Technical details about implementation¶
S3-to-Redshift sync and automatic fast-write are implemented by first saving a manifest file under a temporary directory in the “default path for managed datasets” of the EC2 connection corresponding to the input S3 dataset, then sending the appropriate COPY command to the Redshift database, causing it to load the files referenced in the manifest. Note that this manifest file is not deleted when the copy is complete, for debug and history purposes. Past manifest files are normally small enough not to cause any space issue, and can be manually deleted at any time after the copy.
Additional details about the bulk loading process of a Redshift database from S3 files can be found in the Redshift documentation at http://docs.aws.amazon.com/redshift/latest/dg/t_Loading_tables_with_the_COPY_command.html and http://docs.aws.amazon.com/redshift/latest/dg/r_COPY.html.
Unloading data from Redshift to S3¶
Unloading data from Redshift directly to DSS using JDBC is reasonably fast. However, if you need to unload data from Redshift to S3, the sync recipe has a “Redshift to S3” engine that implements a faster path.

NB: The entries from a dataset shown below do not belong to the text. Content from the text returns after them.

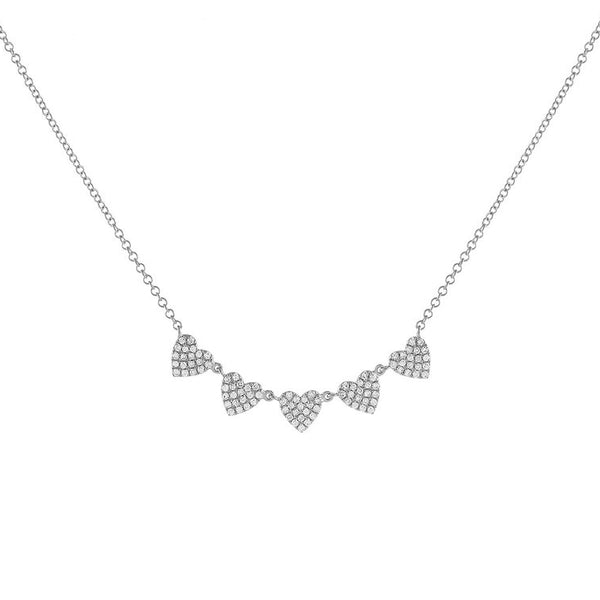 FX0717 925 Sterling Silver Cubic Zirconia Heart Necklace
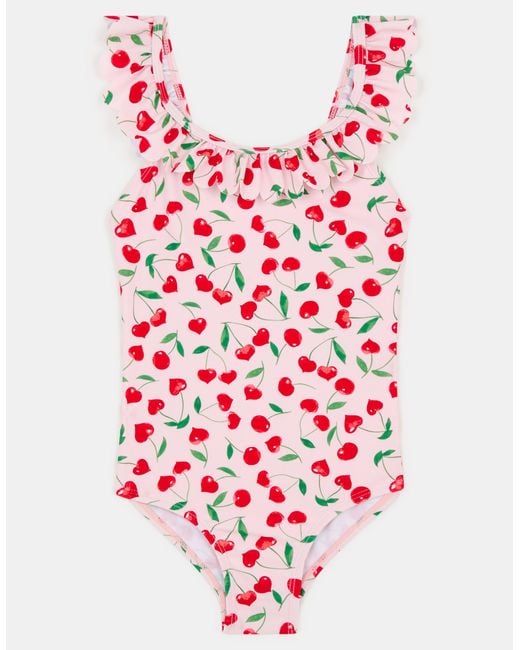Accessorize Red Little Girl's Sleeveless Cherry Print Girls Frill Swimsuit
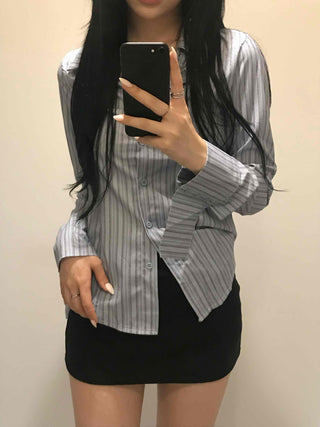 Hip stripe slim fit shirt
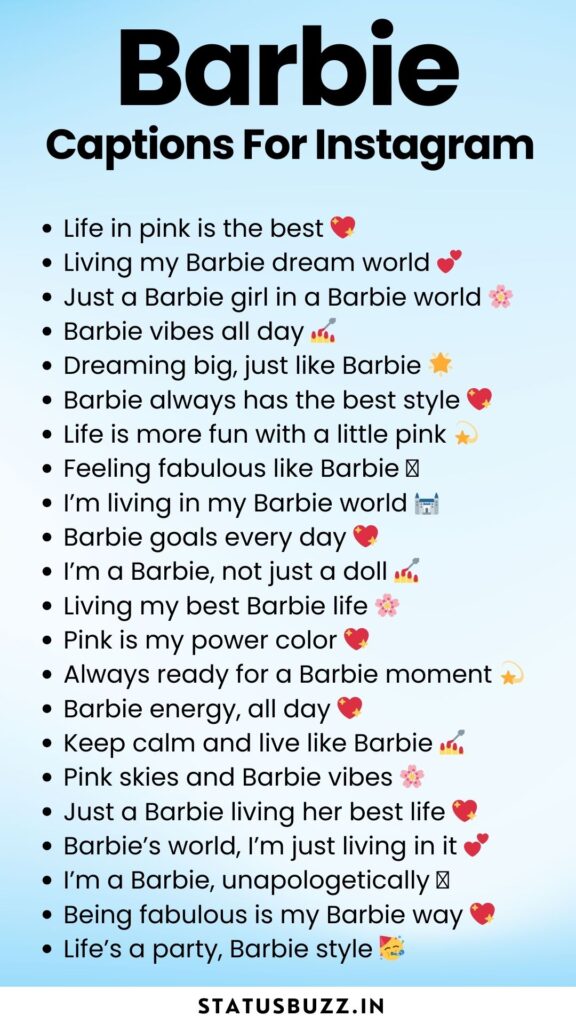 barbie captions for instagram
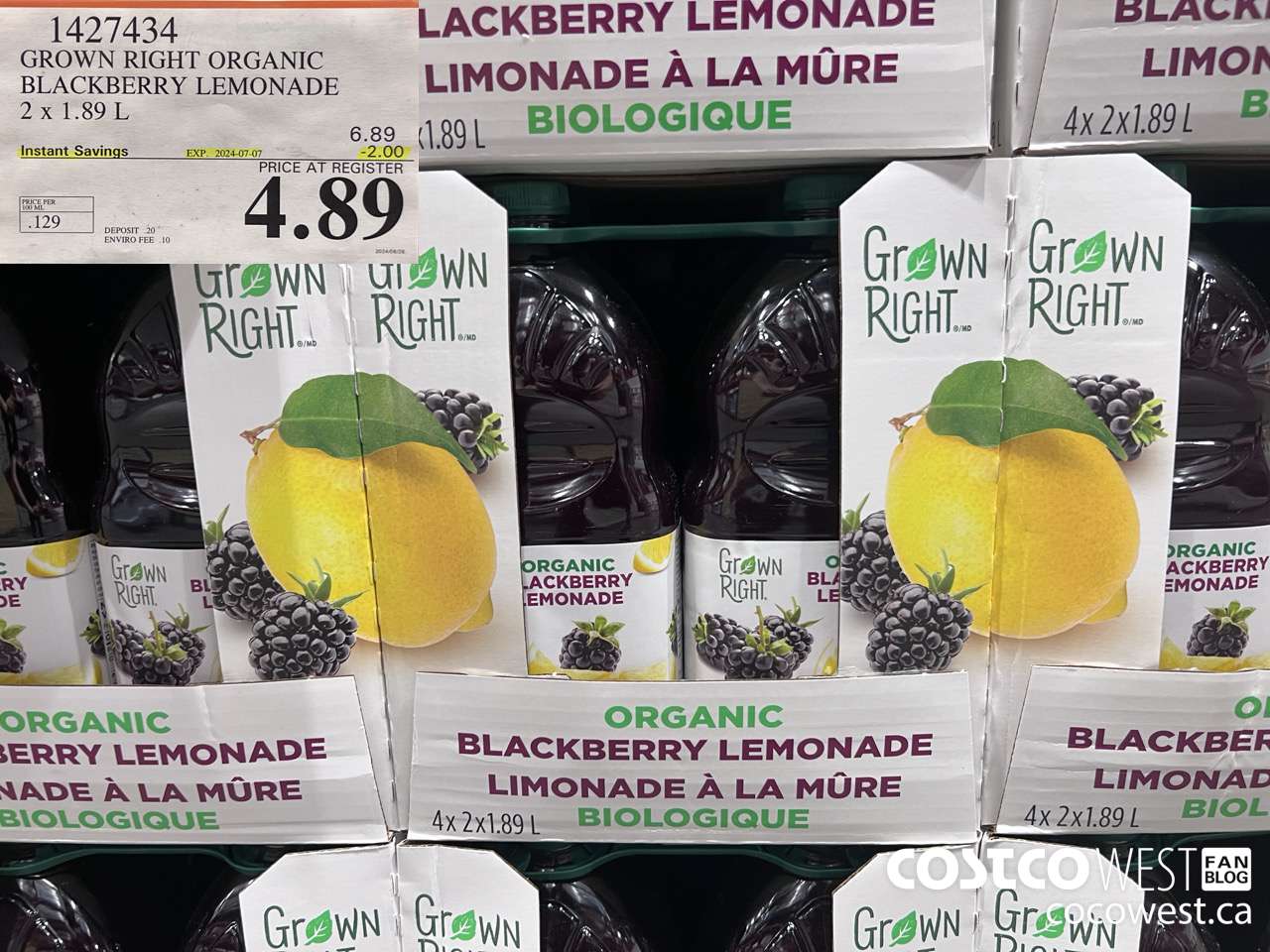 1427434 GROWN RIGHT ORGANIC BLACKBERRY LEMONADE 2 X 1.89L ($2.00 INSTANT SAVINGS EXPIRES ON 2024-07-07) $4.89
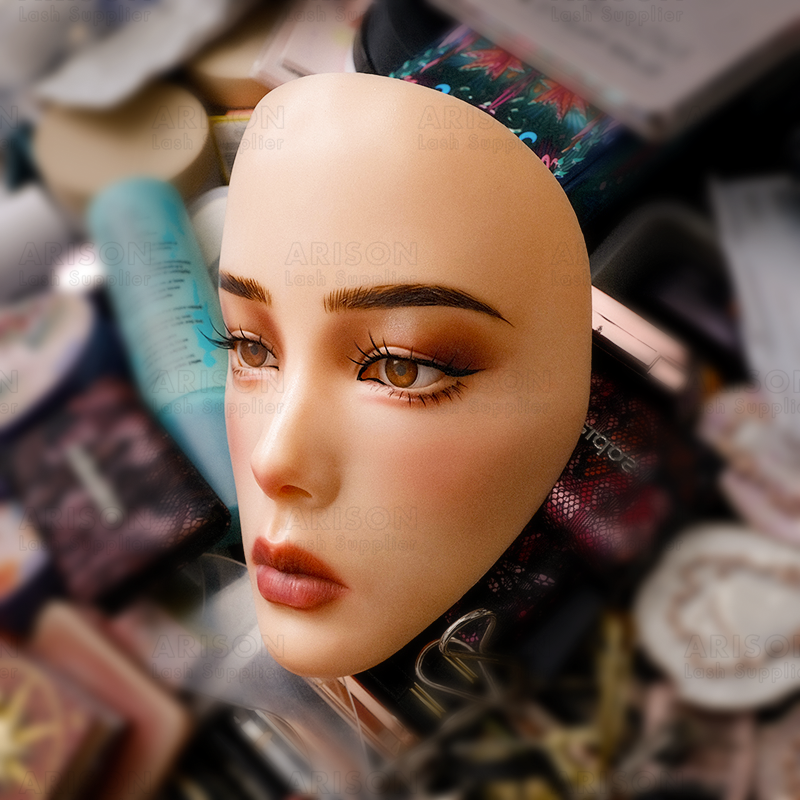 Textured Mannequin Face for Lash Extension and Makeup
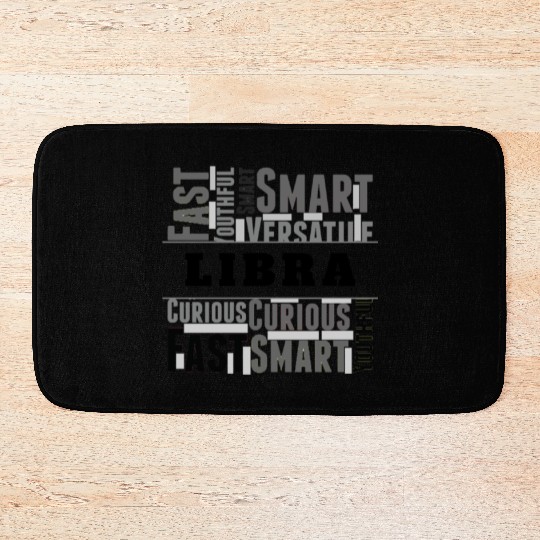 Libra Zodiac Star Sign Word Cloud Square Monochrom Bath Mats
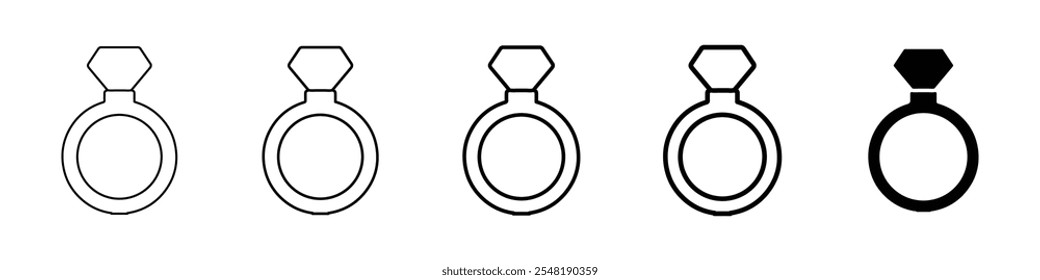 ring icon Simple thin line logo set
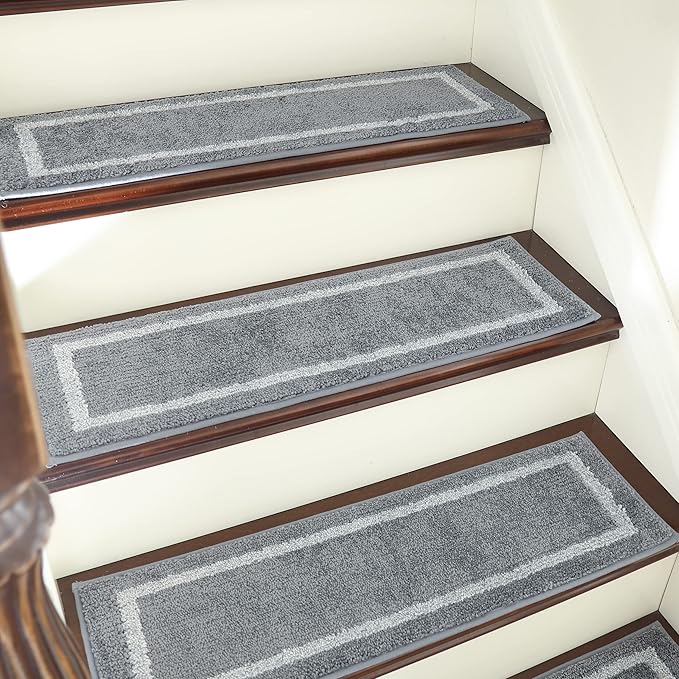 COSY HOMEER Soft Stair Treads Non-Slip Carpet Mat 28inX9in Indoor Stair Runners for Wooden Steps, Stair Rugs for Kids and Dogs, 100% Polyester TPE Backing 7pcs,Grey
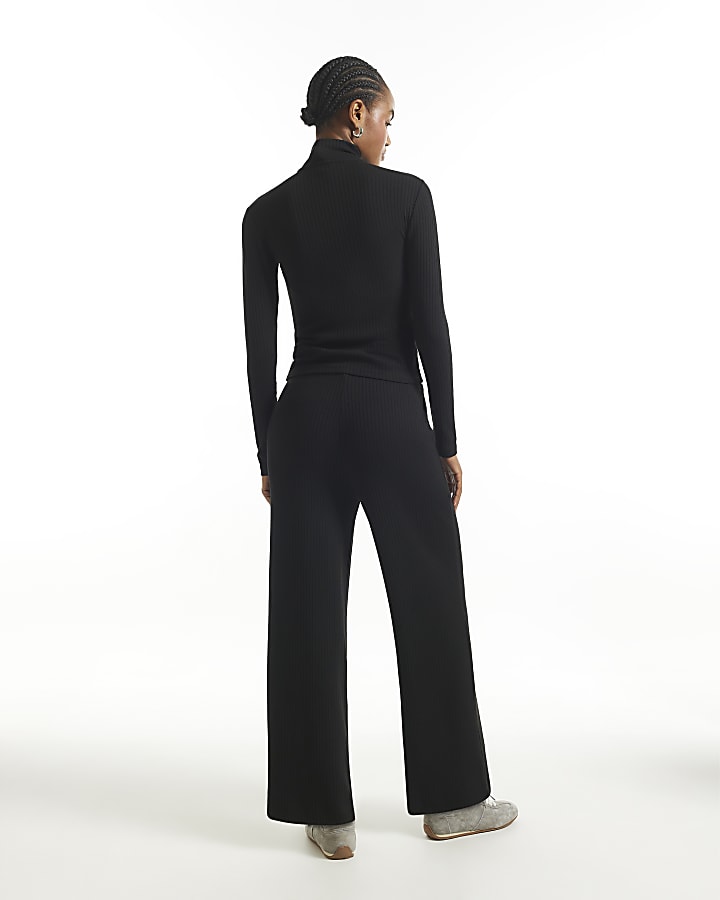 Black Rib Wide Leg Trousers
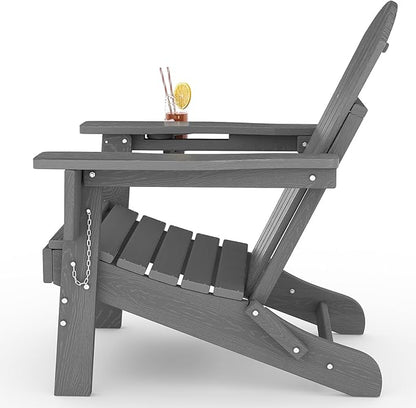 Folding Adirondack Chair, All-Weather HDPE Outdoor Chair, Wooden Textured with Cup Holder for patios, Decks, Gardens, fire pits, Grey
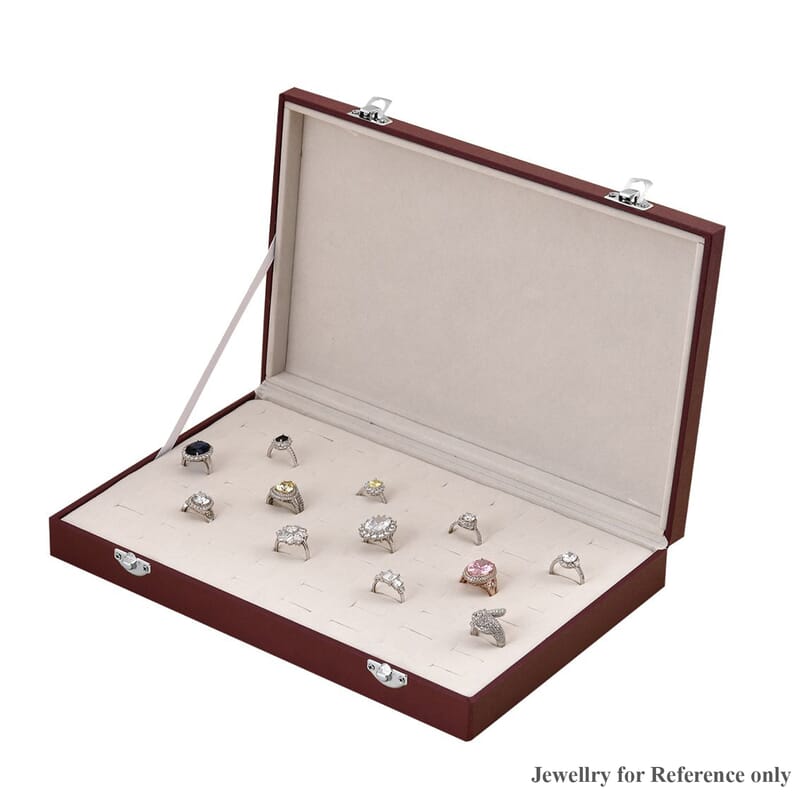 Wine Red Leatherette Paper 72pcs Ring Box with 2 Latch Clasp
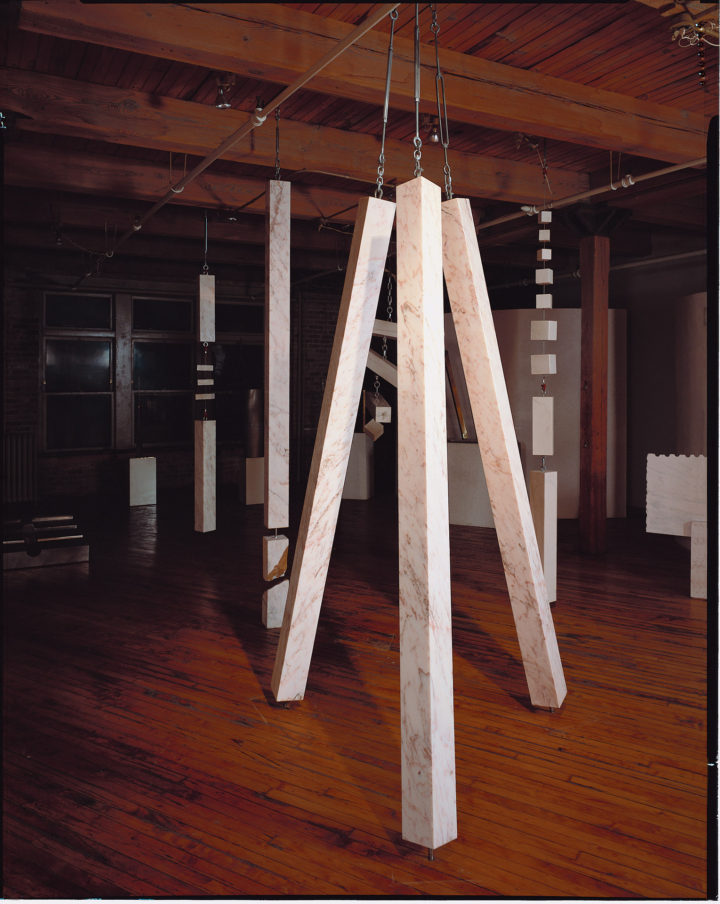 Vertical Elements, 1979, Rosa Aurora Marble, 244 x 178 x 178 cm. 	Collection of the artist.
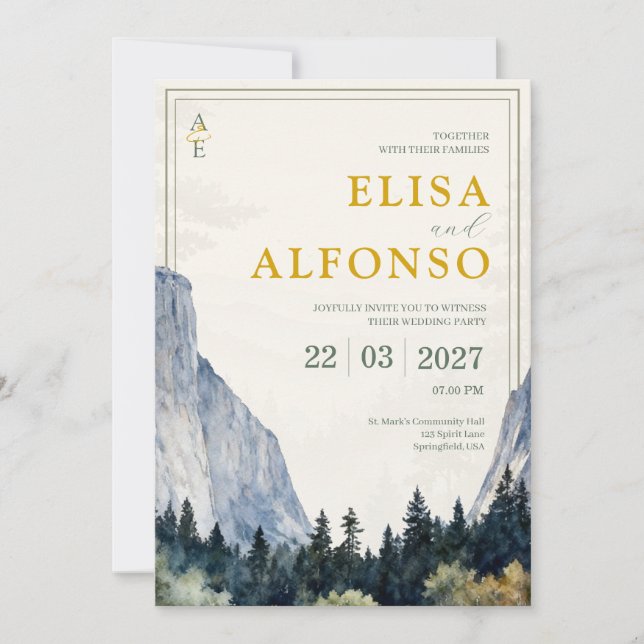 Invitation Mariage Monogramme Aquarelle Classique Green Cliff (Devant)
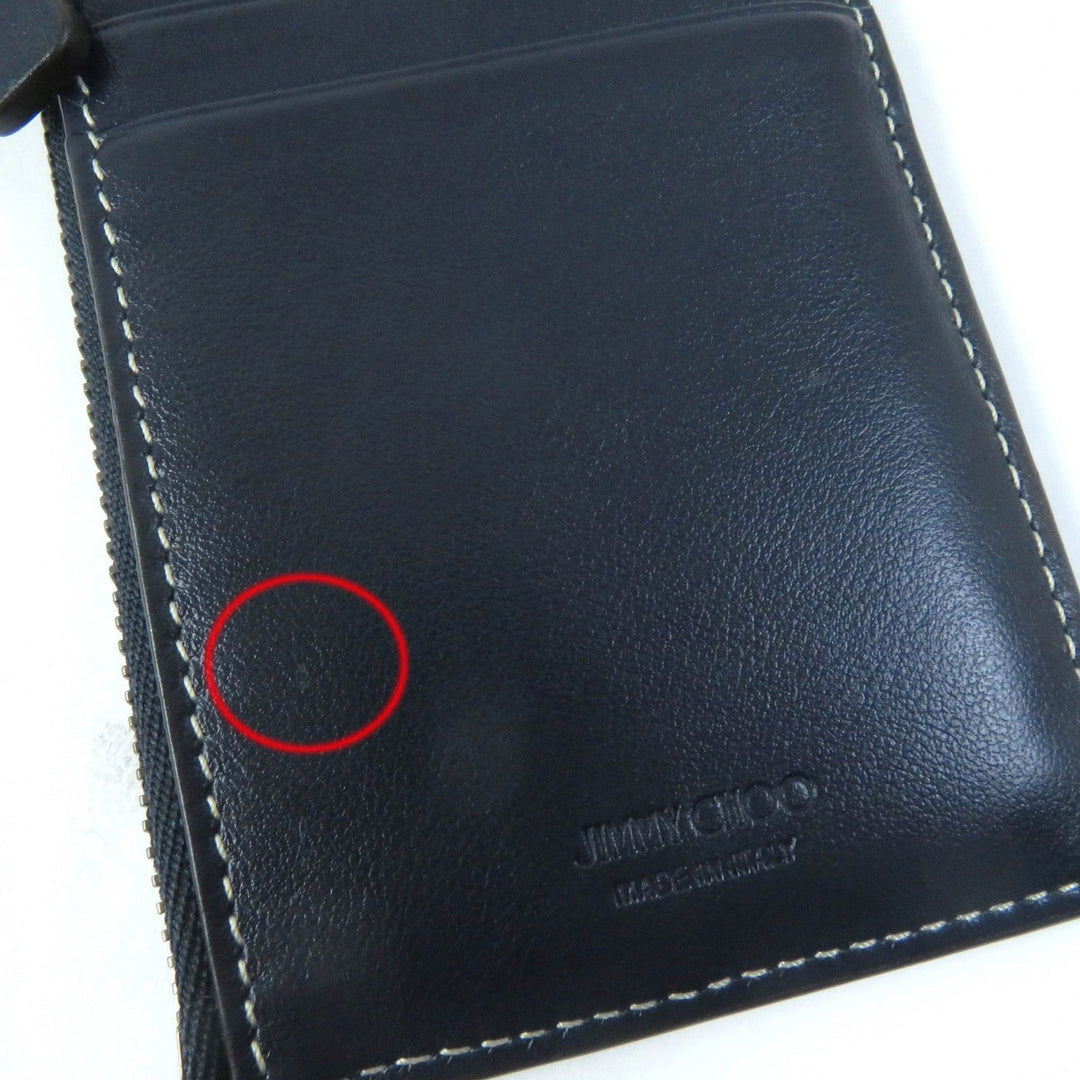 JIMMY CHOO Coin case Main: Leather, Part: Monogram denim Navy Casey mens Used Authentic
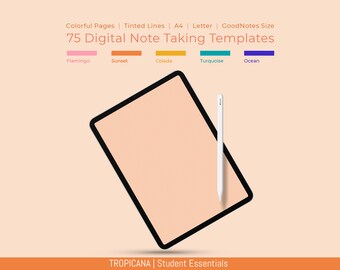 Tropical Color Digital Note Taking Templates: Goodnotes, Notability (PDF)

In order to use Redshift to S3 sync, the following conditions are required:
The source dataset must be stored on Amazon Redshift
The destination dataset must be stored on Amazon S3
Buckets that mandate SSE-KMS encryption are not supported (only SSE-S3 is supported)
The S3 bucket and the Redshift cluster must be in the same Amazon AWS region
The S3 side must be stored with a CSV format, using the UTF-8 charset
For the S3 side, the “Unix” CSV quoting style is not supported
For the S3 side, the “Escaping only” CSV quoting style is only supported if the quoting character is
\
For the S3 side, the files must be all stored uncompressed, or all stored using the GZip compression format
Additionally, the schema of the input dataset must match the schema of the output dataset, and values stored in fields must be valid with respect to the declared Redshift column type.
Reading external tables¶
DSS can read external tables (also known as “Redshift Spectrum”) starting in DSS 10.0.6
This capability requires using the Redshift driver
Controlling distribution and sort clauses¶
In Redshift, you can control:
How the rows are distributed between the nodes of the Redshift database
How the rows are sorted among one slice of the database
For each managed Redshift dataset, you can configure both distribution style and sort key in the dataset settings (Redshift settings)
For distribution, you can select:
“Auto”, which will assign an optimal distribution based on the size of the table data.
“Distribute evenly” which distributes rows evenly between nodes
“Copy table to all nodes”, which makes a copy of all rows in all nodes (use only for very small tables)
“Select a distribution key” to select manually a distribution column
For sort, you can choose between non sorted, or compound or interleaved sort. In the latter cases, you can select the sort columns.
For more details, please see the Redshift documentation.
When you create a new dataset, it is always created with “Auto” distribution and no sort key (it is not possible to set a default sort key at the connection level, because the columns depend on the dataset).
Limitations¶
The fast data load from S3 to Redshift ignores the timezone information of dates. Only dates expressed in UTC timezone are supported.